By Franck Pachot

.
Comparison of NULL can be misleading and it’s even worse for unique constraint validation. Having partial nulls in a composite key can be tricky because the SQL ANSI specification is not very easy to understand, and implementation can depend on the RDBMS. Here is an example with composite unique key and foreign key on Oracle.

Unique constraint

I create a table with a composite unique constraint:

SQL> create table TABLE1 (a char, b char, unique(a,b));
Table TABLE1 created.

I can insert a row with a=’X’ and b=’X’:

SQL> insert into TABLE1 values ('X','X');
1 row inserted.

I cannot insert the same row:

SQL> insert into TABLE1 values ('X','X');
*
ERROR at line 1:
ORA-00001: unique constraint (SYS.SYS_C0015464) violated

I insert another row with same value for column a but different value for column b:

SQL> insert into TABLE1 values ('X','Y');
1 row inserted.

And another row with same value for column a but a null for column b:

SQL> insert into TABLE1 values ('X',null);
1 row inserted.

However, I cannot insert the same a second time:

SQL> insert into TABLE1 values ('X',null);
*
ERROR at line 1:
ORA-00001: unique constraint (SYS.SYS_C0015464) violated

If you look at documentation, this is documented as:
Because of the search mechanism for unique key constraints on multiple columns, you cannot have identical values in the non-null columns of a partially null composite unique key constraint.

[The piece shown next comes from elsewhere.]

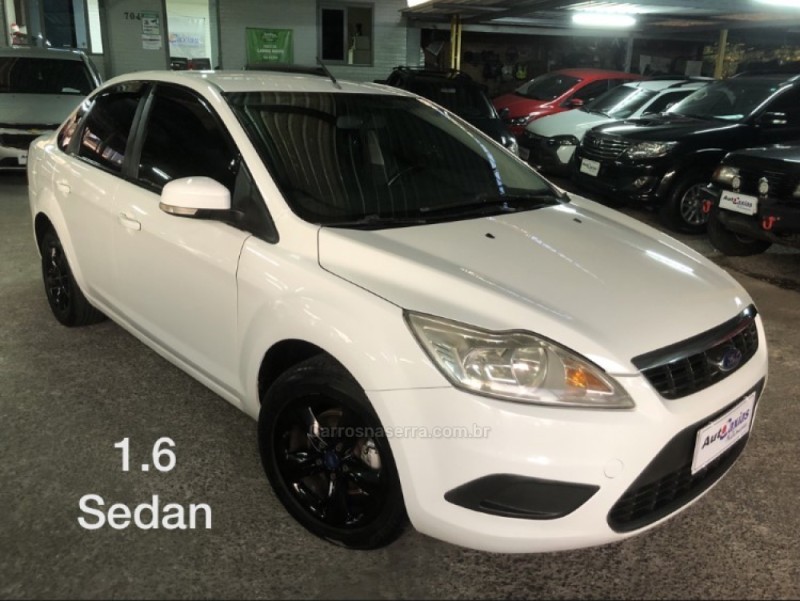 focus 1.6 gl sedan 8v flex 4p manual 2011 caxias do sul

It looks like an implementation reason (the search mechanism is the index that enforces the unique constraint). What is documented in SQL-92?
A unique constraint is satisfied if and only if no two rows in a table have the same non-null values in the unique columns.

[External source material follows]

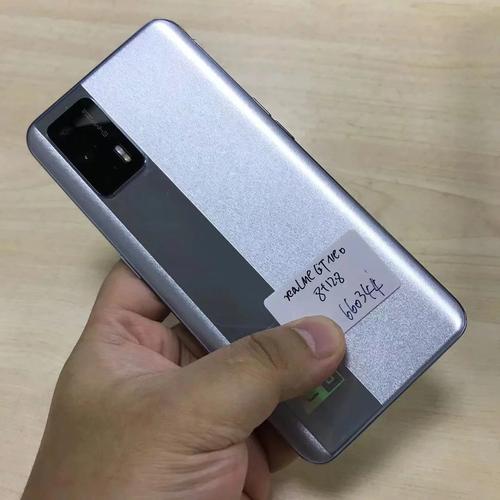 答:联想K860的拍照效果非常出色,它搭载了前置200万和后置800万像素的双摄像头组合,支持双LED闪光灯和多种拍照模式及滤镜效果,无论是日常拍摄还是夜景拍摄,K860都能轻松应对,拍出清晰明亮、色彩饱满的照片,超级相机V2.0智能拍照软件的加入更是让拍照变得更加简单快捷。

How to interpret this? We cannot insert two (‘X’,null) because that would be two rows with same non-null value (a=’X’) and the Oracle implementation is compilent.

Or is it? We can also read the definition as the unique constraint being violated only when we find rows that have non-null values and they are the same. This is what MySQL and PostgresSQL do: accept duplicates when there is at least one null.
This is also what I found more intuitive: I usually consider NULL as a value that is not known at insert time but that will be assigned a value later during the lifecycle of the row. Thus, I expect to be able to insert rows where there is a null and check the constraint only when all columns have a value.

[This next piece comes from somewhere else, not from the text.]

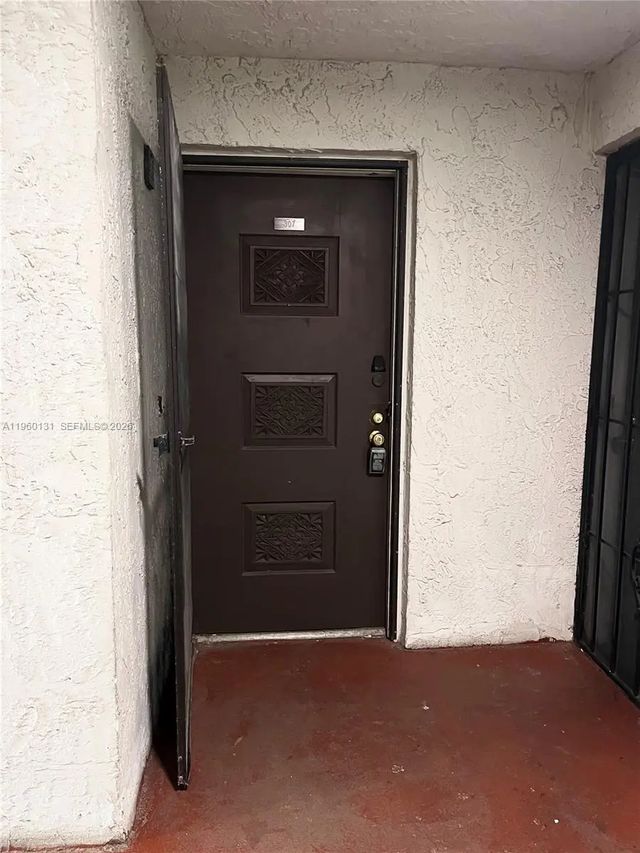 2 of 40 - 4575 S Texas Avenue #307, Orlando, FL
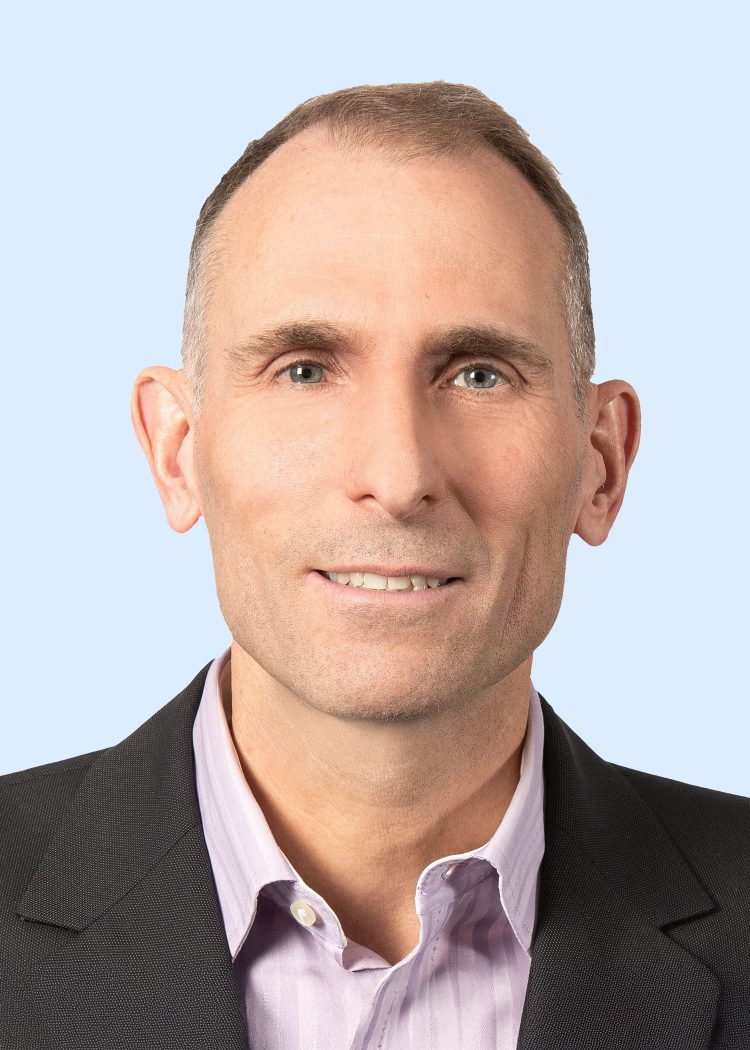 Simon Round - Hitachi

It is probably an implementation choice from Oracle which stores nulls as a zero-length string and then cannot have two identical entries in a unique index.

Now inserting a row where a is null and b is null:

SQL> insert into TABLE1 values (null,null);
1 row inserted.

And because that do not violate the rule whatever the way we read it (non-null values are not the same as there are no non-null values at all here) I can insert a second one:

SQL> insert into TABLE1 values (null,null);
1 row inserted.

This is documented as
Unless a NOT NULL constraint is also defined, a null always satisfies a unique key constraint

About implementation, there is no problem because full null entries are not stored in the index. They are stored in bitmap indexes, but bitmap indexes cannot be used to enforce a unique constraint.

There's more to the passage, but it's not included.